Longtime teacher, coach, and Manhattan Beach historian Bob Brigham passed away earlier this month at the age of 91. He was remembered by colleagues and friends for his thoughtfulness, warmth, fairness, and sense of humor.
He is particularly noted for documenting the history of Bruce's Beach
in Manhattan Beach, which ultimately led to the effort to recognize the location in honor of the Bruce family.
"He was kind and gentle and a role model to many," his three children wrote in a statement. "He will be remembered for a life well lived, leaving a legacy of love and acceptance. He was admired for making people laugh without trying too hard. Right and wrong was not complicated nor judgmental. He brought people together and made everyone feel comfortable and welcomed with courtesy and civility."
Life in Manhattan Beach
Brigham was born in Los Angeles on May 18, 1927 and moved to Manhattan Beach at the age of 12, where he attended Center School and Redondo Union High School. He was involved in student government and was co-captain of RUHS Seahawks’ CIF championship football team.
After graduating from high school and serving in WWII, he attended Fresno State College where he met and married Mary Ann Forrester. Upon receiving his teaching credential, they settled in
Manhattan Beach where they raised three children, Leslie, Matt, and Allison.
He was on the faculty at Mira Costa High School
beginning with the first graduating class of 1953, and continued as a teacher, counselor, coach, sports announcer, and drivers’ training instructor for the next 36 years.
"I remember Bob well," said Manhattan Beach Mayor Steve Napolitano. "Great guy, solid guy--he taught me how to drive.
Back then, the high school provided driver's ed, and so one morning he and I and another student took an old car out from
the school that had a brake on the passenger side and we drove around
the city. We stopped by his 90+-year-old mom's house and he told us
stories about growing up in Manhattan Beach.

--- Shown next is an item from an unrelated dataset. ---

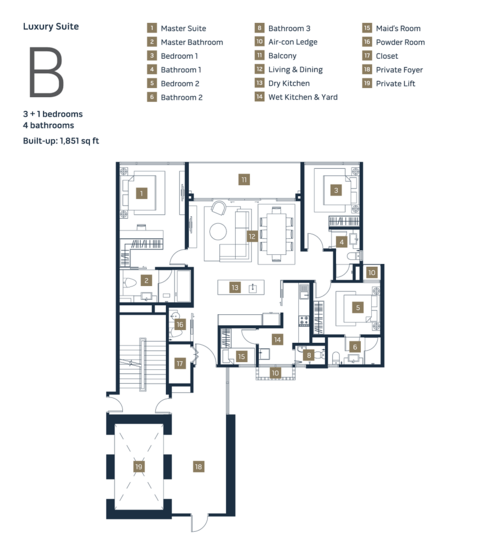 Moulmein Rise - Floor Plan - iProperty.com.my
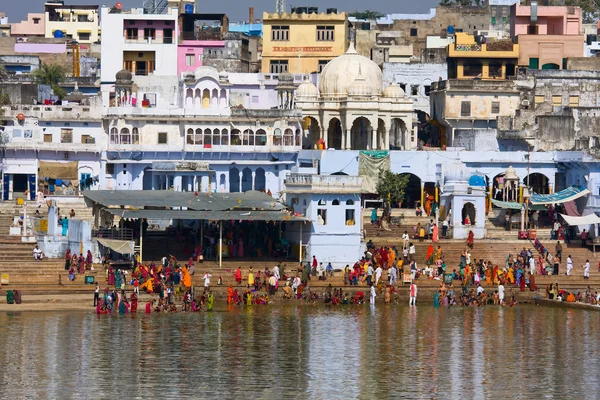 Pushkar fair (pushkar camel mela) rajasthan, Indien — Stockfoto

Great times."
"He had a wonderful sense of humor," recalled local historian Jan Dennis. "He was very involved in the PTA. He acted in many of the plays and skits...He really just wanted the best for
the young people and for the teachers."
Mira Costa history/government teacher Bill Fauver said, "He was a good and decent man, one of the finest I have ever encountered in education. He leaves such a positive legacy."
Among a wide variety of local accomplishments, Brigham was a recipient of the Lions International Rose and Scroll Award, helped to establish a Bikes for Kids program, laid all the brick work for the Manhattan Beach Historical Society patio, was an accomplished writer who contributed to a variety of local publications.
But Brigham was perhaps most widely recognized for his master's thesis on the area at 26th and Highland now known as Bruce's Beach. The land had been purchased in 1912 by Charles and Willa Bruce, who developed it into a resort for African-American families, despite resistance from segments of the community. In 1924, the city condemned the neighborhood, and used eminent domain to reclaim the land.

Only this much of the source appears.